Le 19 mai 1681, la Chambre Ardente est rouverte pour clore enfin ce procès interminable. Début mai, La Trianon se suicide dans sa cellule. Peu après, les exécutions reprennent, à commencer par l’ancienne maîtresse de Guibourg.
Un dernier vent de poison souffle sur la Cour et Mme de Montespan : le 27 juin 1681, Mlle de Fontanges meurt à Paris à 20 ans à peine. Louis XIV, qui craint le poison, refuse l’autopsie mais la famille insiste. Aucune trace de poison n’est détectée dans son corps, mais la Marquise est visée par certaines accusations.

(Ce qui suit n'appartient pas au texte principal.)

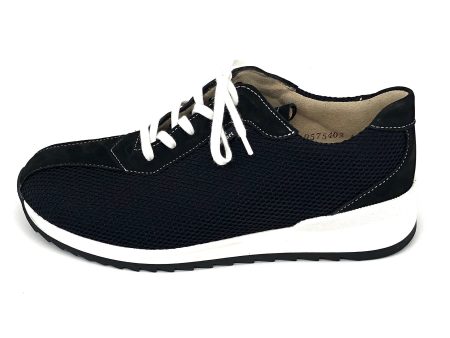 Damen Schnürer Halbschuh schwarz Finn Comfort 17219 Discount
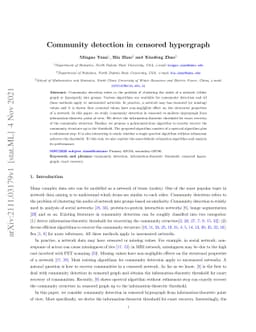 Community detection in censored hypergraph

La dernière exécution ordonnée par la Chambre est celle de La Chaboissière, ancien valet du Chevalier de Vanens, le 16 juillet 1682. Le 21 juillet, la Chambre est définitivement close, et les prisonniers sont recensés puis on décide de leur sort. En chiffres, la Chambre Ardente « avait tenu 210 séances, prononcé 319 décrets de prise de corps, obtenu l’arrestation de 194 personnes, rendu 104 jugements dont 36 condamnations à mort, 4 condamnations aux galères, 34 à des peines de bannissements ou d’amendes et 30 acquittements ». Parmi les prisonniers restants, ceux qui n’avaient commis que de petits crimes ou dont les paroles n’avaient que peu de conséquences sont remis en liberté, ou au pire envoyés aux galères. Ceux qui, au contraire, ont un lourd passé criminel à leur actif, savent trop de choses ou ont cité le nom de Mme de Montespan sont condamnés à la prison à vie dans les citadelles les plus éloignées de France. Dès août 1682, les premières libérations commencent, avec entre autres le fils de La Bosse et le frère de La Filastre, tous deux enrôlés dans des compagnies de l’armée. Blessis, l’amant de La Voisin, est condamnée à voguer à vie sur la galère La Réale et la fille de La Bosse est enfermée à vie dans un couvent. A la Belle-Isle-en-Mer sont envoyées entre autres la fille Voisin et La Chappelain ; à Besançon et Saint-André-de-Salines sont respectivement envoyés, parmi d’autres, Vanens et les Bachimont d’un côté, Lesage et Guibourg de l’autre. Les autres prisonniers sont répartis entre Salses, près de Perpignan, Bains et Villefranche-de-Conflent.